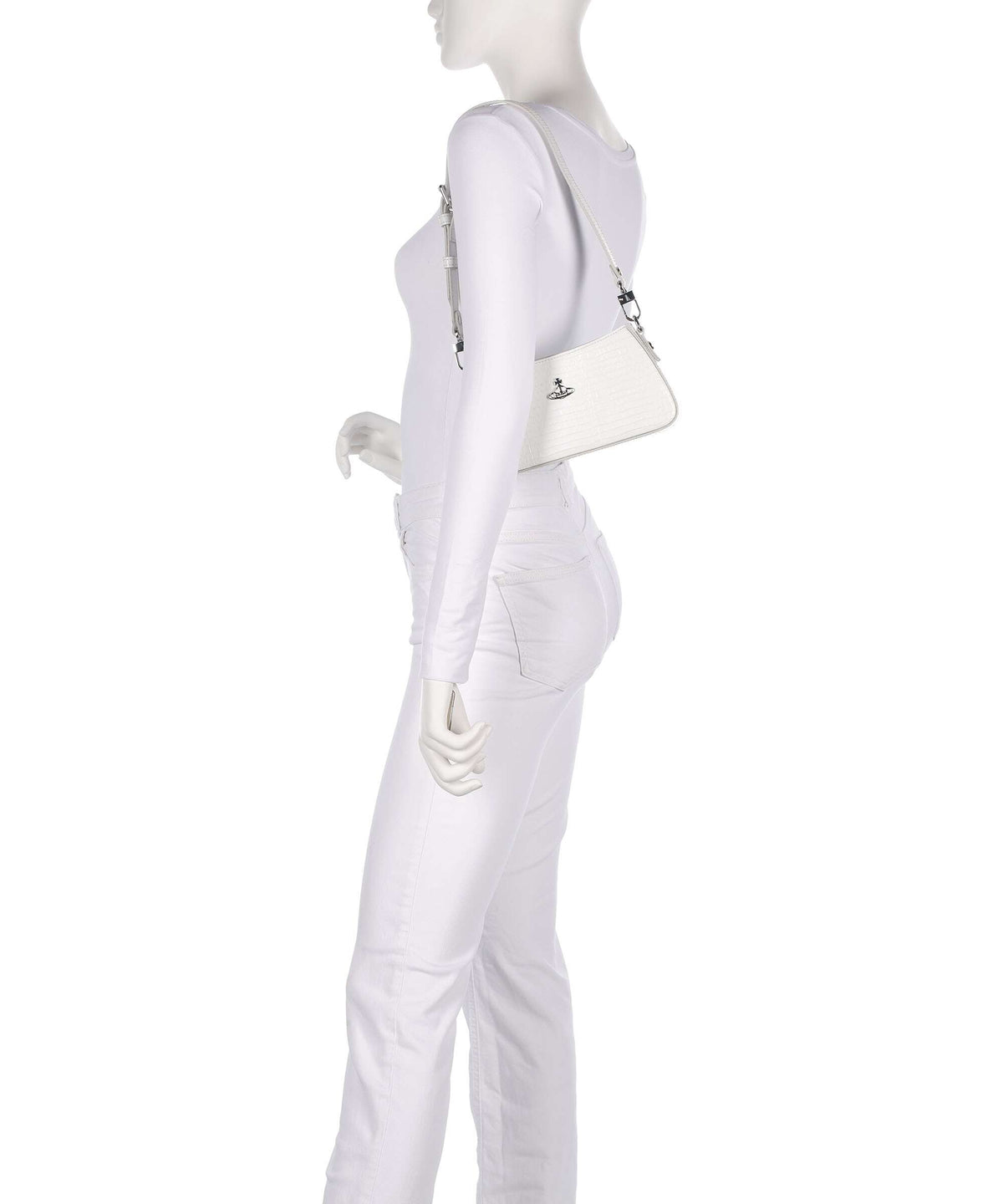 Vivienne Westwood Tasha Embossed Croc Mini Shoulder bag white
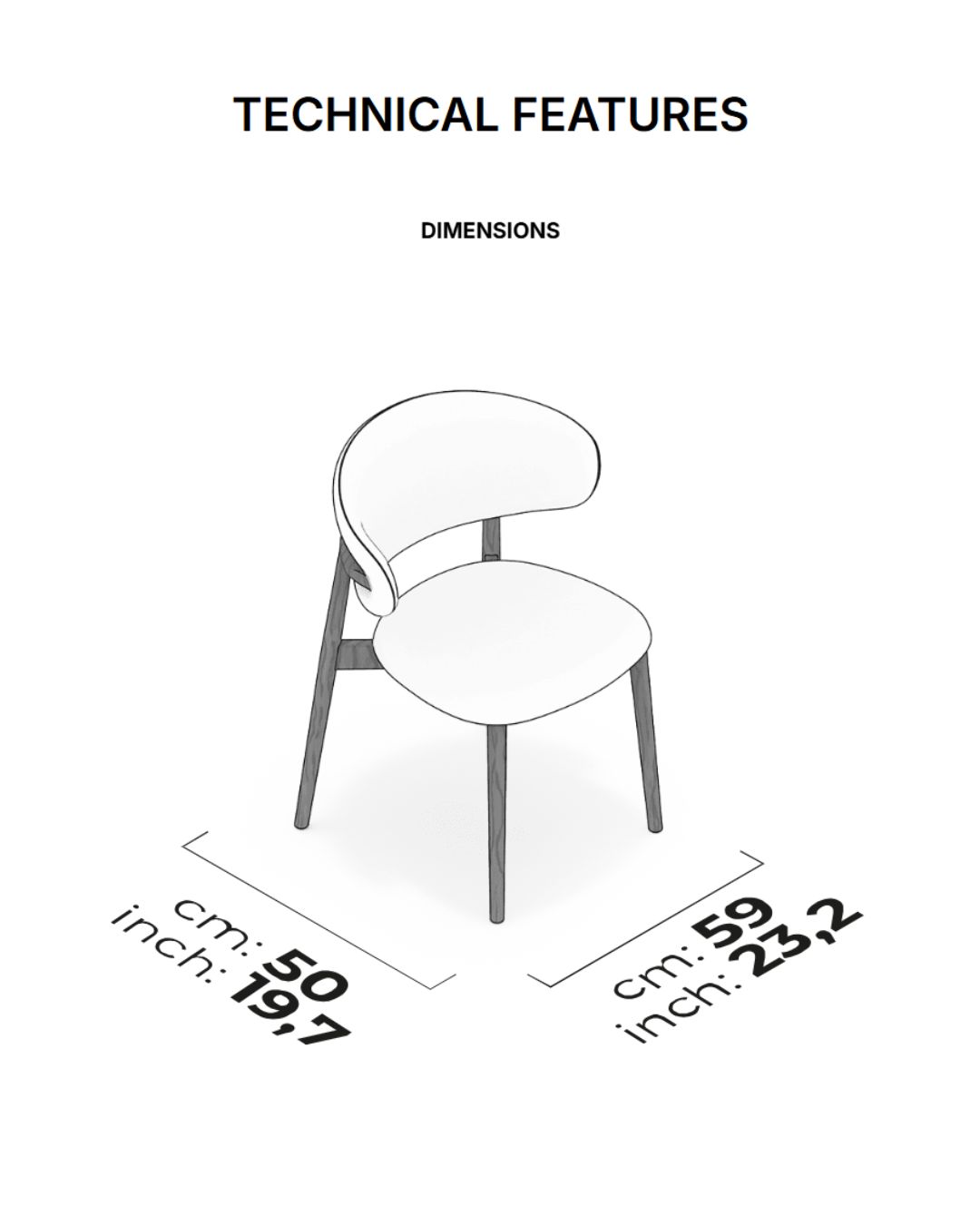 BARCELONA kėdė - brėžinys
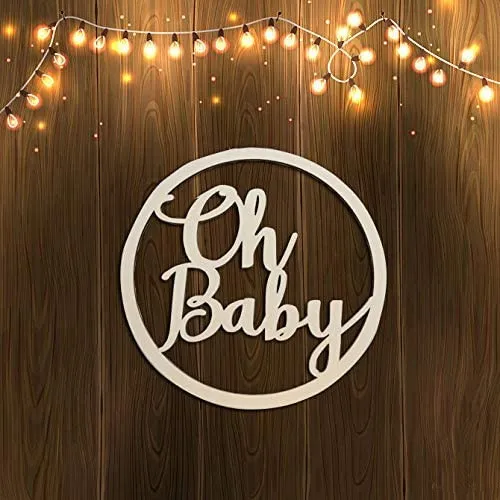 

Oh Baby Shower деревянный знак для вечеривечерние украшения детский Душ Баннер для Стола Знак пол раскрываемый фон декор для стен реквизит для фотографий круглый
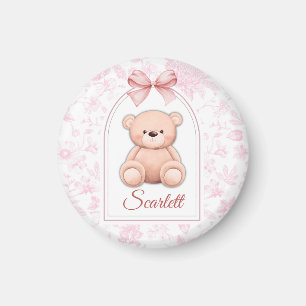 Scarlett オーダーメイド ピンクのテディベアの保育園デザイン マグネット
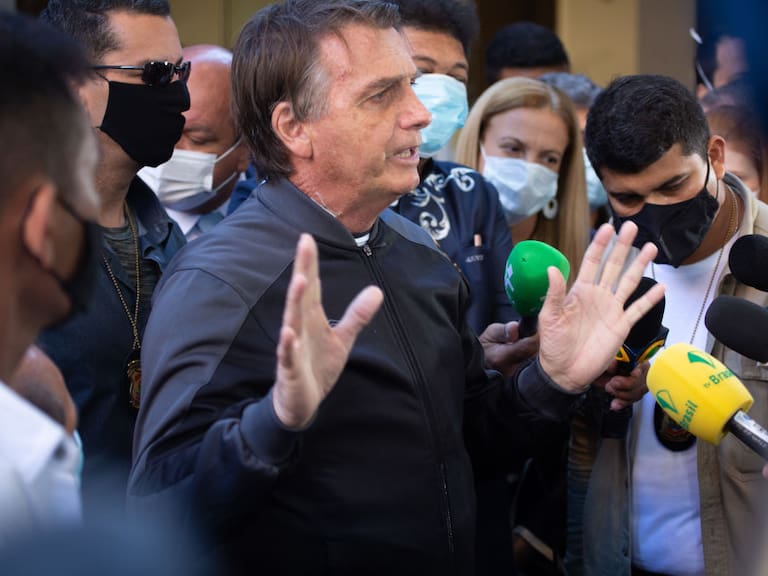 El ultraderechista Jair Bolsonaro ante los medios en São Paulo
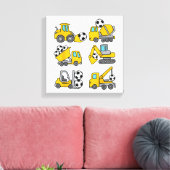 Voetbal Bal Kinderen Voetbal Bouwtrucks Canvas Afdruk (Insitu (Woonkamer))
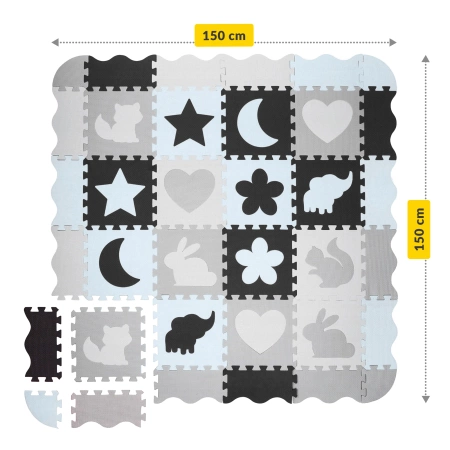 Oktató puzzle szőnyeg gyerekeknek, 150 x 150 cm, fehér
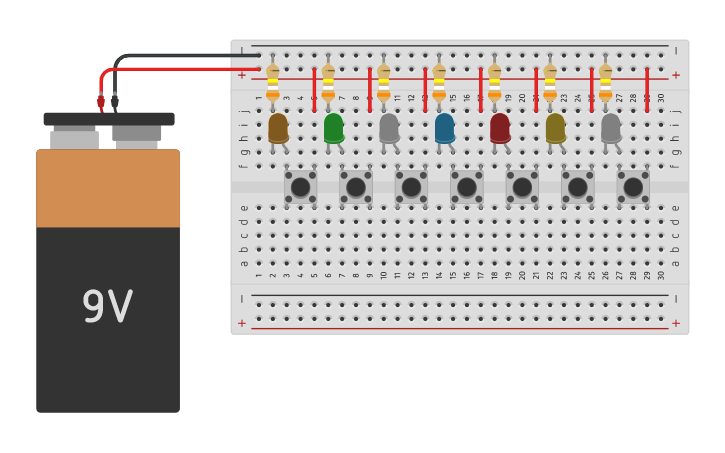 Circuit design 7 leds, 7 resistencias, 7 pulsadores - Tinkercad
=======
-- Task objective --
If a picture appears among the records, leave it out, and otherwise reproduce exactly every line from the first line through the one with "Oh Baby Shower", both included.

-- Response area --
 Vivienne Westwood Tasha Embossed Croc Mini Shoulder bag white
 BARCELONA kėdė - brėžinys

Oh Baby Shower деревянный знак для вечеривечерние украшения детский Душ Баннер для Стола Знак пол раскрываемый фон декор для стен реквизит для фотографий круглый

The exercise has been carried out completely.